The friendliest, high quality science and math community on the planet! Everyone who loves science is here!

Spin 3/2

  1. May 19, 2005 #1
    I've been trying to work on this for a while:

    Let us say I have an [tex]S=1/2[/tex] dimer with [tex]H=JS_{1}\cdot S_{2}[/tex]. With a [tex]\hat{z}[/tex]-diagonal basis, [tex]|\uparrow\uparrow\rangle[/tex], [tex]|\uparrow\downarrow\rangle[/tex], [tex]|\downarrow\uparrow\rangle[/tex], [tex]|\downarrow\downarrow\rangle[/tex], I can easily construct the H-matrix by either using the Pauli matrices or the S-operators. Diagonalizing the matrix gives me the energy eigenvalues and the eigenvectors. Although I can get the energies in an easier way.

    My problem/dilemma/question is this: What if I have an [tex]S=3/2[/tex] dimer (same form on H)? What [tex]\hat{z}[/tex]-diagonal basis (if any) can I use? And am I right in assuming that the matrices to use are the [tex]4\times4[/tex]-matrices listed in e.g. Schiff: Quantum Mechanics (1968), page 203? (Don't feel like typing them right now)

    And a bonus-question: Assuming now [tex]S=1[/tex]. What happens?


    *I feel a bit silly for not knowing this*
     
  2. jcsd
  3. May 20, 2005 #2
    About the basis, you can use the [tex]|00\rangle, |01\rangle, |02\rangle,|03\rangle, |10\rangle,|11\rangle[/tex]... basis and matrices are 4*4 dont know what though, also you shouldnt feel silly for having problems with this problem. I think most people settle for understanding the spin 1/2 problem and then refering a book when the spin gets higher.
     
    Last edited: May 20, 2005
  4. May 20, 2005 #3

    dextercioby

    User Avatar
    Science Advisor
    Homework Helper

    U can use the 4*4 matrices without any problem for 3/2 spin.I don't have Schiff's 1968 book (i got the incomplete 1949 one),but angular momentum is described in zilllion of books,even special books on angular momentum in QM.
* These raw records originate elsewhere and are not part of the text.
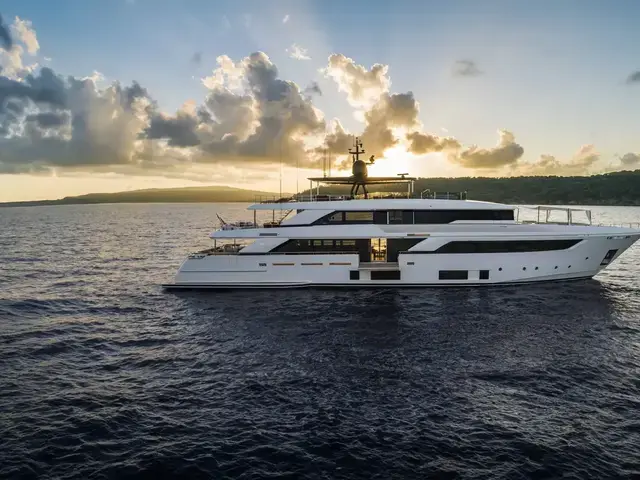 Custom Line Navetta 42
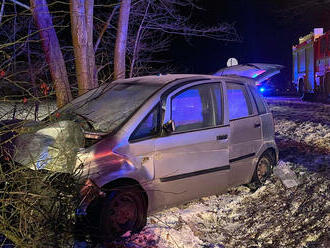 Vyprošťování řidičky po večerní nehodě osobního auta v Odrách zaměstnalo dvě hasičské jednotky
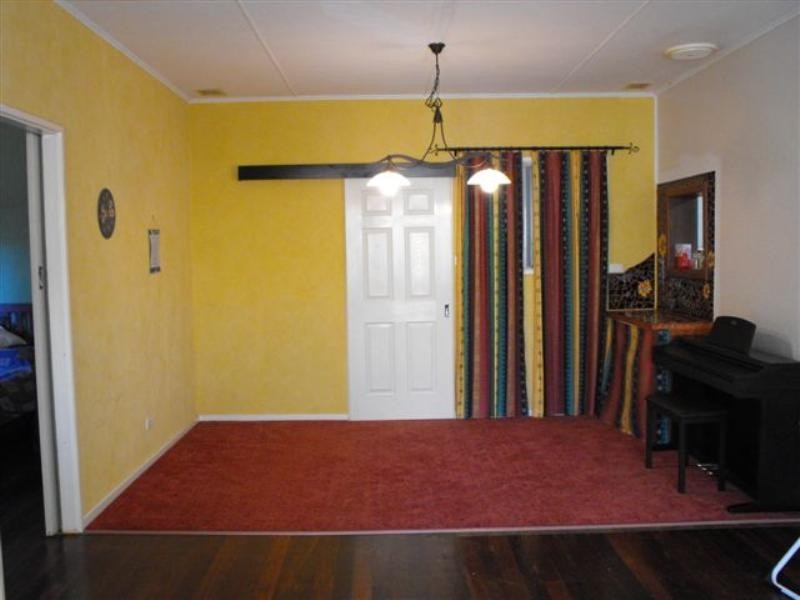 11 Saw Street, Carnarvon WA 6701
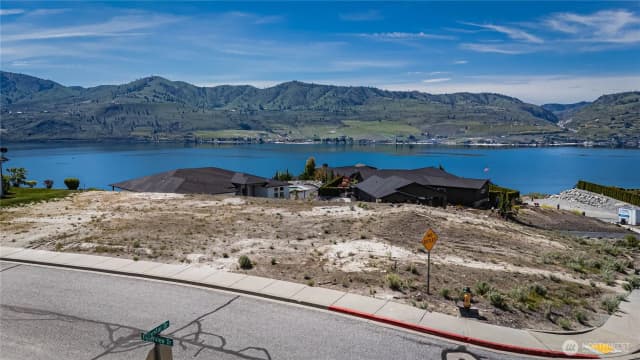 Property photo for 100 Waterview Drive, Chelan photo 5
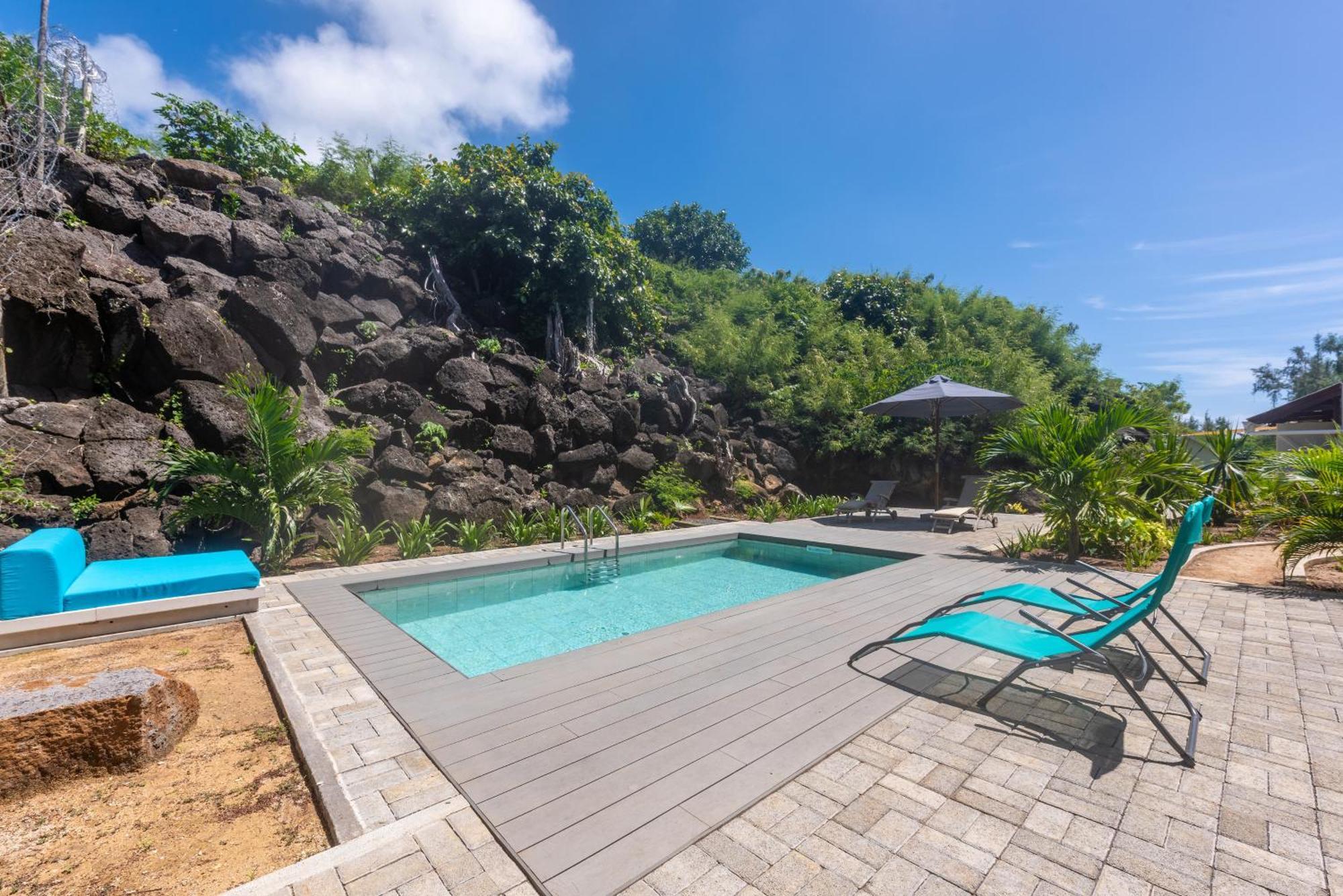 Quaint 2bdr In Melville Public W Pool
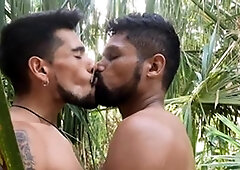 Str8 Chaser: Beards & Boners Make For Fun Times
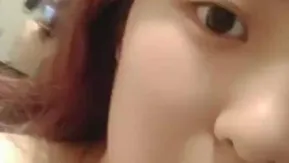 清纯正妹浴室直播~毫不吝啬展露白皙身材~掰掰粉嫩逼逼给乾爹们鉴定鉴定~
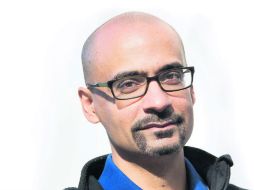 De ficción. Díaz disfruta de la beca Mc Arthur, consistente en medio millón de dólares, para dedicarse sólo a escribir.  /
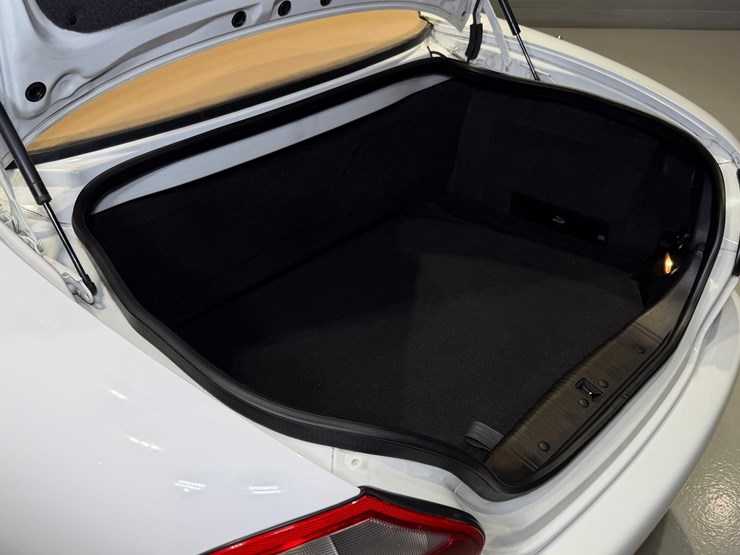#1516-•-1997-jaguar-xk8-convertible-image-75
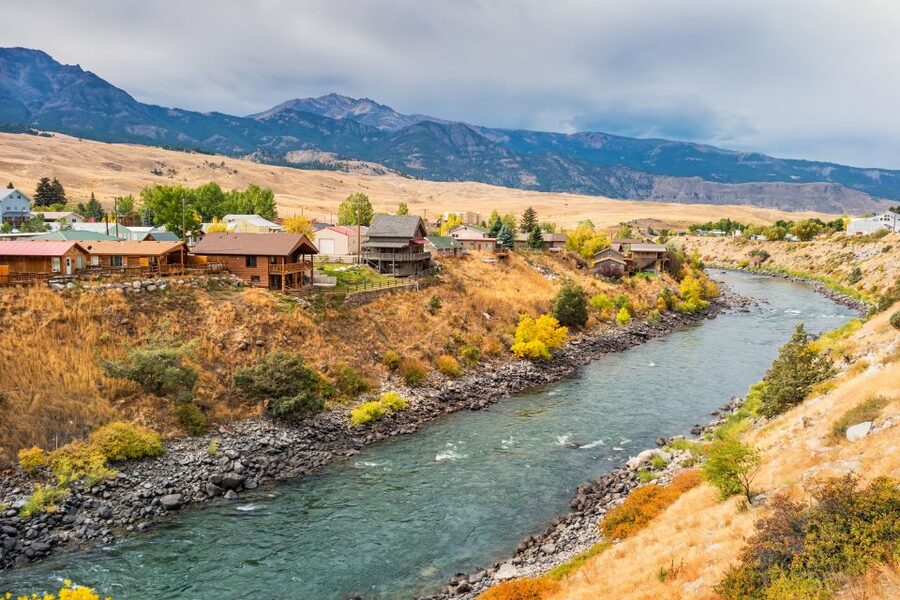 Jackson: 2-Day Yellowstone National Park Tour with Lunches - Why two days makes sense from Jackson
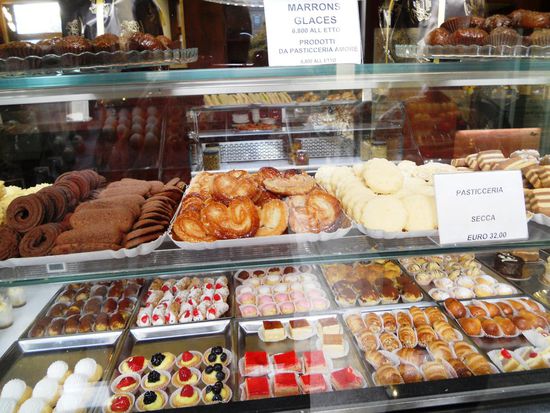 Letzte Einkäufe werden getätigt.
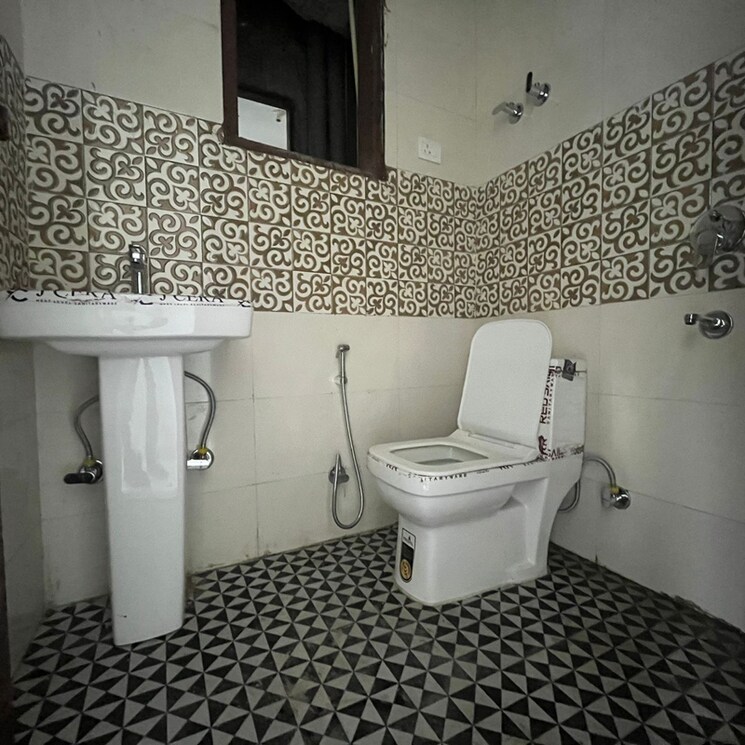 Bathroom, chattarpur 1 Bedroom 500 Sq.Ft. Builder Floor In Chattarpur Delhi 9256549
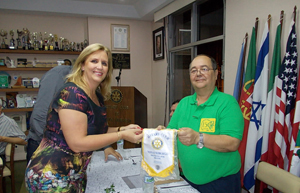 Rotary Nova Friburgo homenageia Euterpe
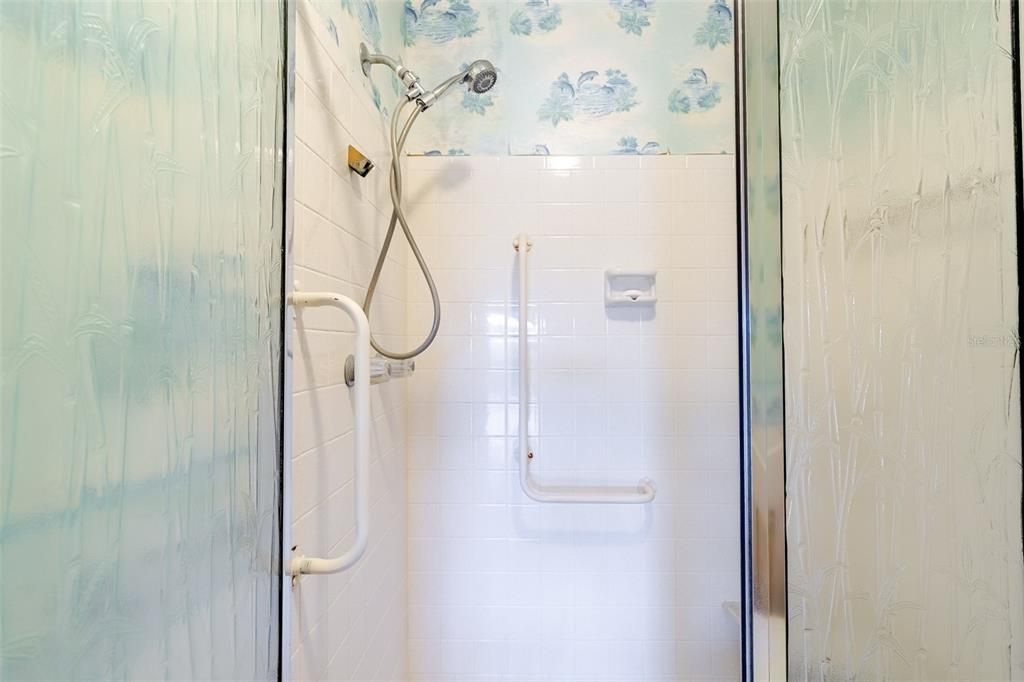 На продажу: $249,900 (1 спален, 2 ванн, 1050 Квадратных фут)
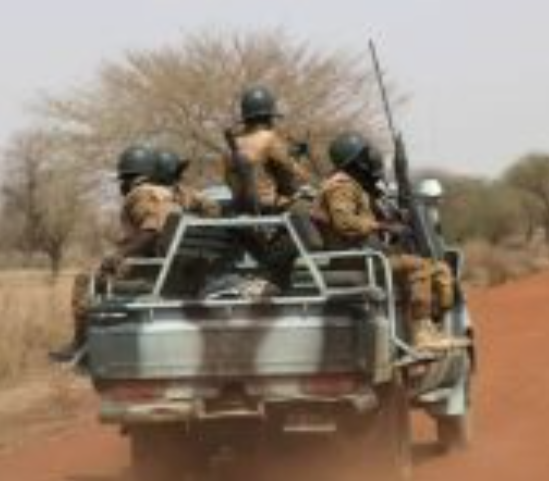 مقتل 6 مدنيين و30 مسلحا بهجوم في بوركينا فاسو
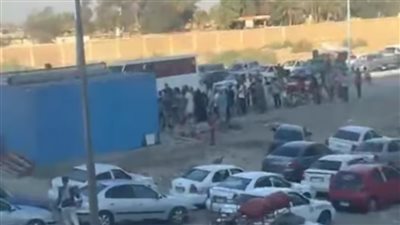 جهات التحقيق تصرح بدفن جثتي شابين لقيا مصرعهما في حادث تصادم بالسويس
    And for spin 1,there are 3 generators which are 3*3 matrices.

    Daniel.

    The basis is the standard basis:[itex] |j,m\rangle [/itex] which spans the irreducible space [itex] \mathcal{E}_{j} [/itex].
     
  5. May 20, 2005 #4
    Let me get this straight...you are suggesting that I use the the total spin S (and m) as basis, i.e.

    [itex]|3\pm3\rangle, |3\pm2\rangle[/itex] and so on all the way to [itex]|00\rangle[/itex]

    Right?

    But what if would want to start from scratch so to say, i.e. just apply the Hamiltonian to the [itex]|m_{1}m_{2}\rangle[/itex] basis. For the [itex]S=1/2[/itex], I could just apply the [itex]S[/itex]-operators to the kets or the [itex]S[/itex]-matrices to the columns. How would I do something similar in the [itex]S=3/2[/itex] case? I guess my question is how to write the [itex]|m_{1}m_{2}\rangle[/itex] in this case as columns (i.e. in matrix form).

    I guess it is not really necessary to do it this way. I mean, I can always look in a table of Clebsch-Gordan coefficients, but I would like to know.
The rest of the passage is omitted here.